Its been coming for the past 10 years. It all started in the mid 1990s with a few convergence products that combined multimedia capabilities with traditional A/V features.
The first milestone product from the PC industry was probably the Gateway Destinations PC back in 1996. Remember it? It was a Pentium 166 MHz with a 2 GB drive, a TV tuner card, wireless mouse and keyboard, a 36-inch CRT monitor and some application-specific software. It came with an optional Harman Kardon Pro Logic receiver and five small speakers plus a subwoofer.
The A/V industry offered up Frox as its first-born child to the brave new world. The product was as a tour de force audio/video processor that handled switching, THX-certified surround sound decoding, video scaling and a really cool all-encompassing on-screen graphical user interface with motion sensitive wireless mouse-like control. Both of these products were real pioneers in their fields, and like many pioneers they ended up with arrows in their backs. But they also paved the way for new trends in our business that are undeniably important.
Ever since that time Ive been observing the evolution of this convergence thing, whereby the lines between a computing and entertainment device are supposed to erode down to nothing. I have, like many of you, been wondering when exactly this would happen. When will mid- to high-end custom home theaters run on these computing devices and only these computing devices? Will we ever get to a point where tangible media, such as DVD discs, go away altogether to be replaced by program material downloaded from online sources?

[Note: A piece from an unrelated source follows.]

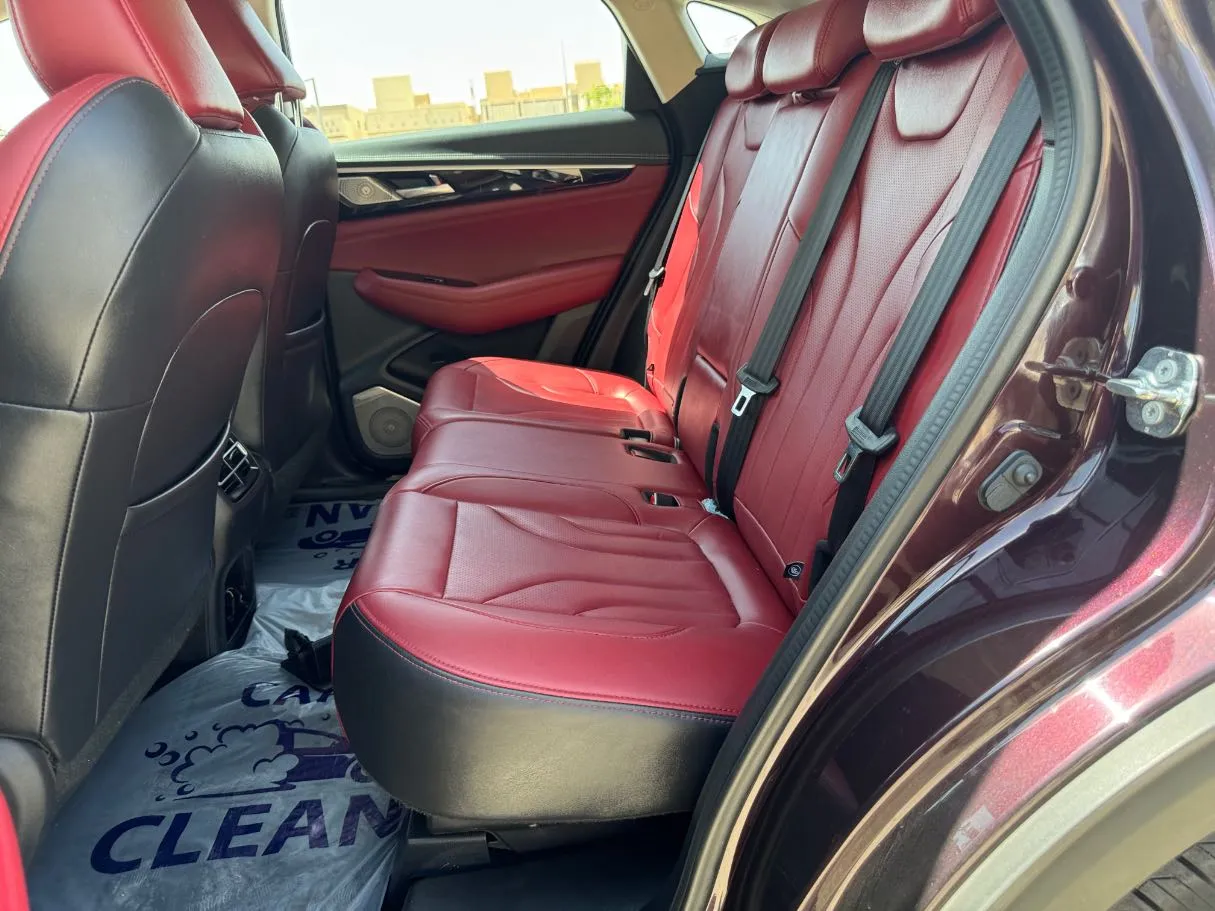 Car image 15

Will product front panels ever be as blank as the typical computer is today? Will system controls ever be accessed through GUI (graphical user interface) with no actual buttons to push? And finally, will all of the audio and video signals be channeled in direct digital stream form instead of analog wires, connectors and switches?
This year I decided to take a much closer look at this convergent world. First off, I wanted to see if everything we can do in the traditional world of analog sourcing and distribution could also be done in the brave new world of networked everything. This includes the functions of finding the program material, selecting the source device, displaying the device selections and status, setting the sound volume and basic video parameters, feeding signals from any source device to any display device (for sound and picture content), and remotely controlling any device from any location.
Then I wanted to see what more I could get from using networked controls and signal feeds. Is there any better signal control, throughput, operation ease or flexibility in the networking world?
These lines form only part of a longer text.